▸ TASK INSTRUCTIONS: Nothing but the lines from the first line of the records below to the line holding "NFL Collection: Dallas" belongs in the answer, copied exactly and without pictures.

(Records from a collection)

▼

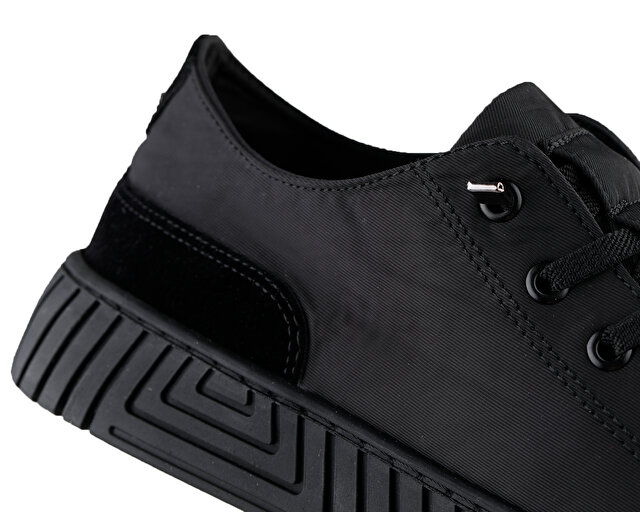 Gamelu Ayakkabı Günlük 24Ym Vigor Siyah - Görsel 8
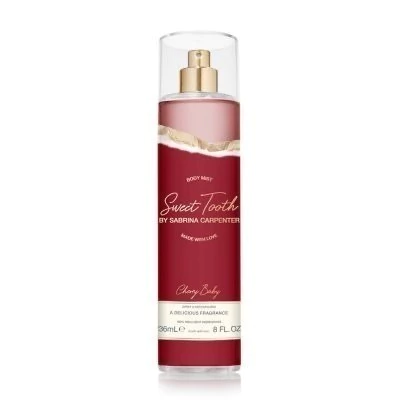 Cherry Baby Fragrance Mist Sabrina Carpenter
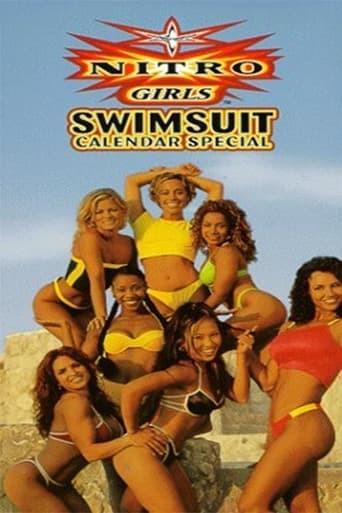 WCW Nitro Girls Swimsuit Calendar Special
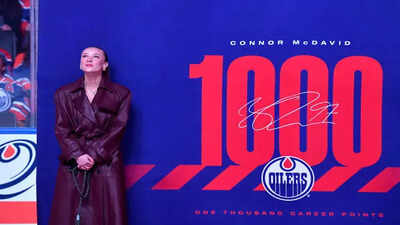 NHL star Connor McDavid wife Lauren Kyle leads Edmonton Oilers wives group partying custom jackets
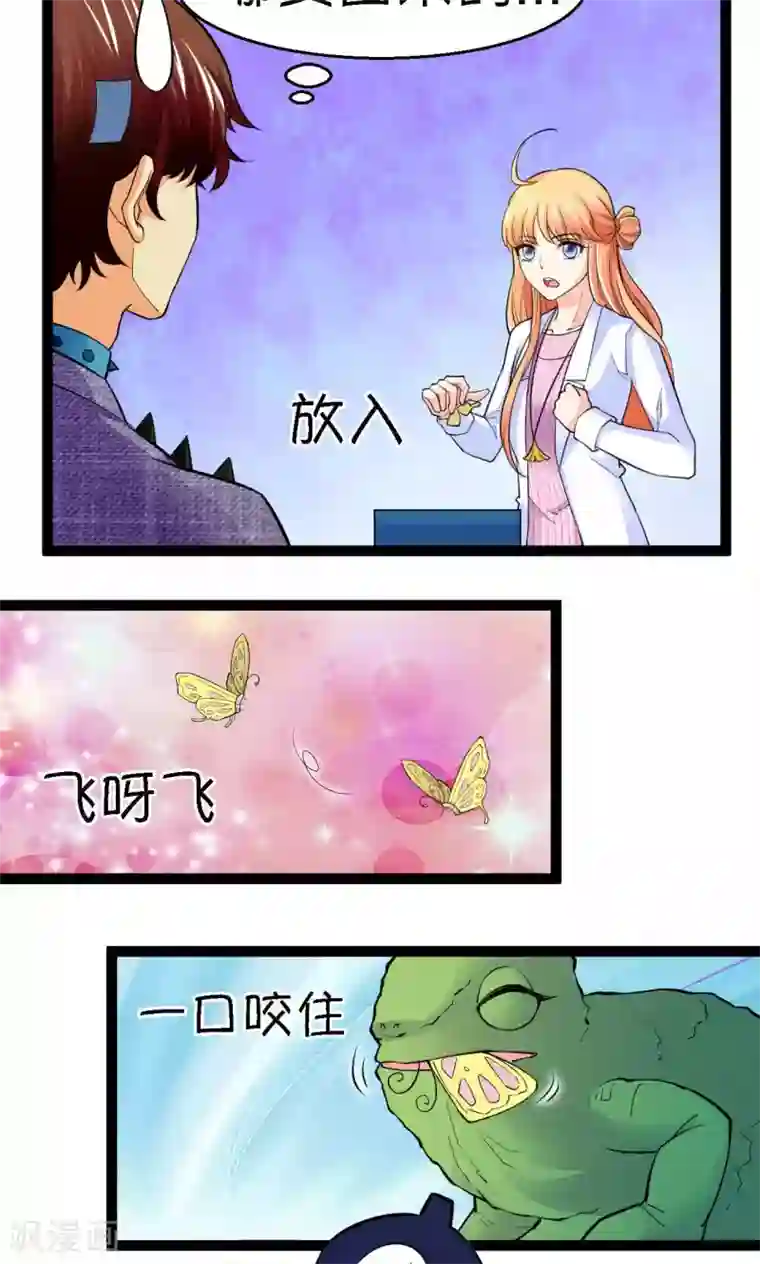 铲屎官也要谈恋爱第37话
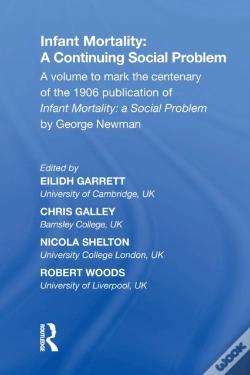 Capa do artigo Infant Mortality: A Continuing Social Problem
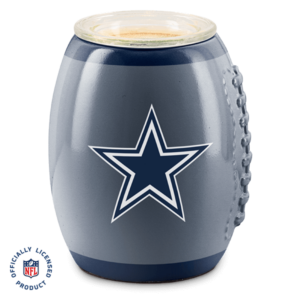 NFL Collection: Dallas Cowboys – Scentsy Warmer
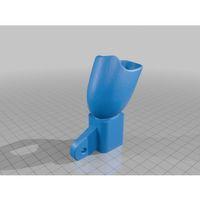 3D baskı sabit tabanlı bardak tasarımı (Bu ürün Sadece Plastik parçadır - Almadan Önce Soru Sorabilirsiniz)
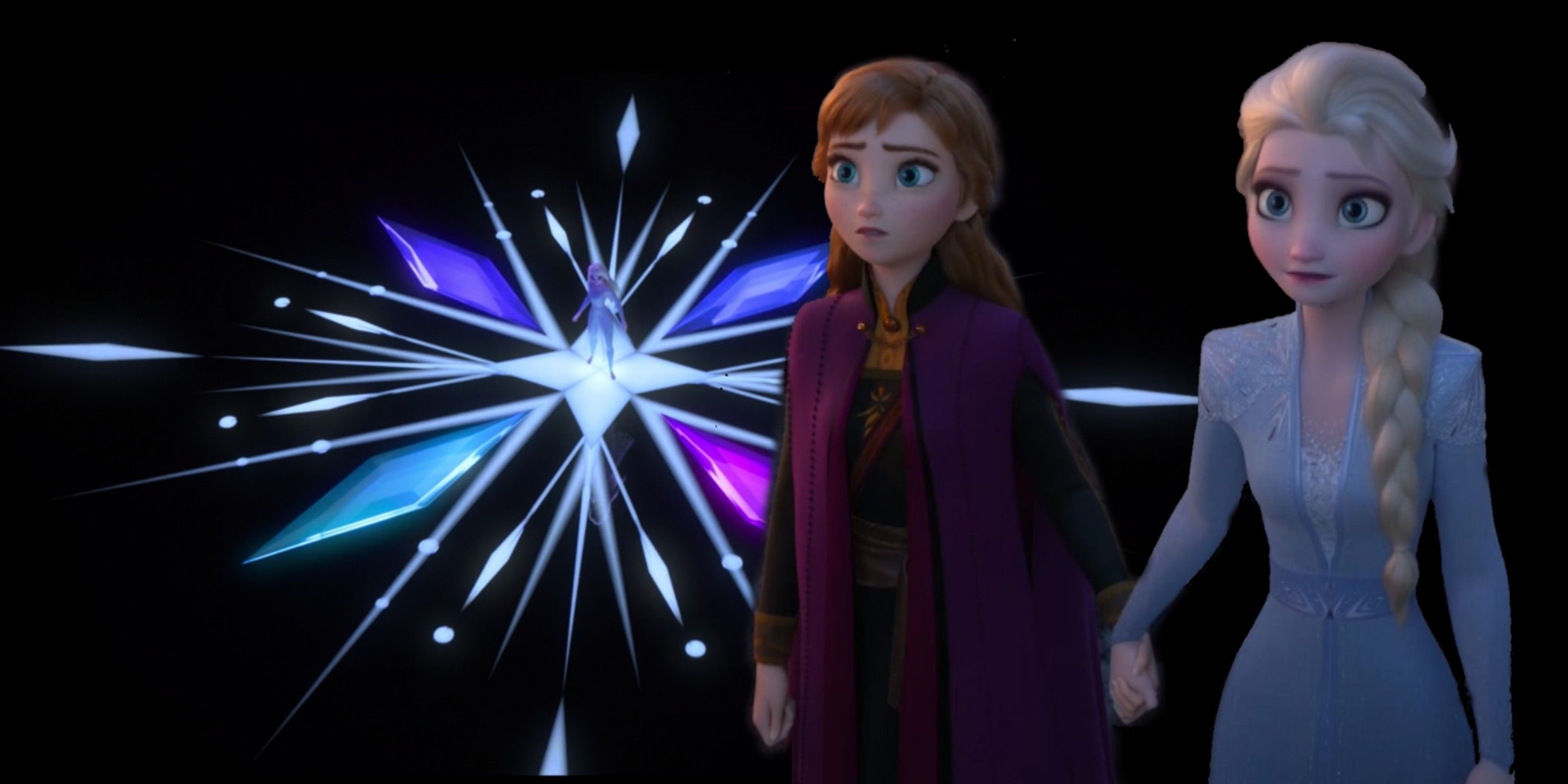 Frozens Fifth Spirit Twist Needs To Mean More For Anna In Frozen 3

▲

▸ SOLUTION FOR THIS PROBLEM:
 Gamelu Ayakkabı Günlük 24Ym Vigor Siyah - Görsel 8
 Cherry Baby Fragrance Mist Sabrina Carpenter
 WCW Nitro Girls Swimsuit Calendar Special
 NHL star Connor McDavid wife Lauren Kyle leads Edmonton Oilers wives group partying custom jackets
 铲屎官也要谈恋爱第37话
 Capa do artigo Infant Mortality: A Continuing Social Problem
 NFL Collection: Dallas Cowboys – Scentsy Warmer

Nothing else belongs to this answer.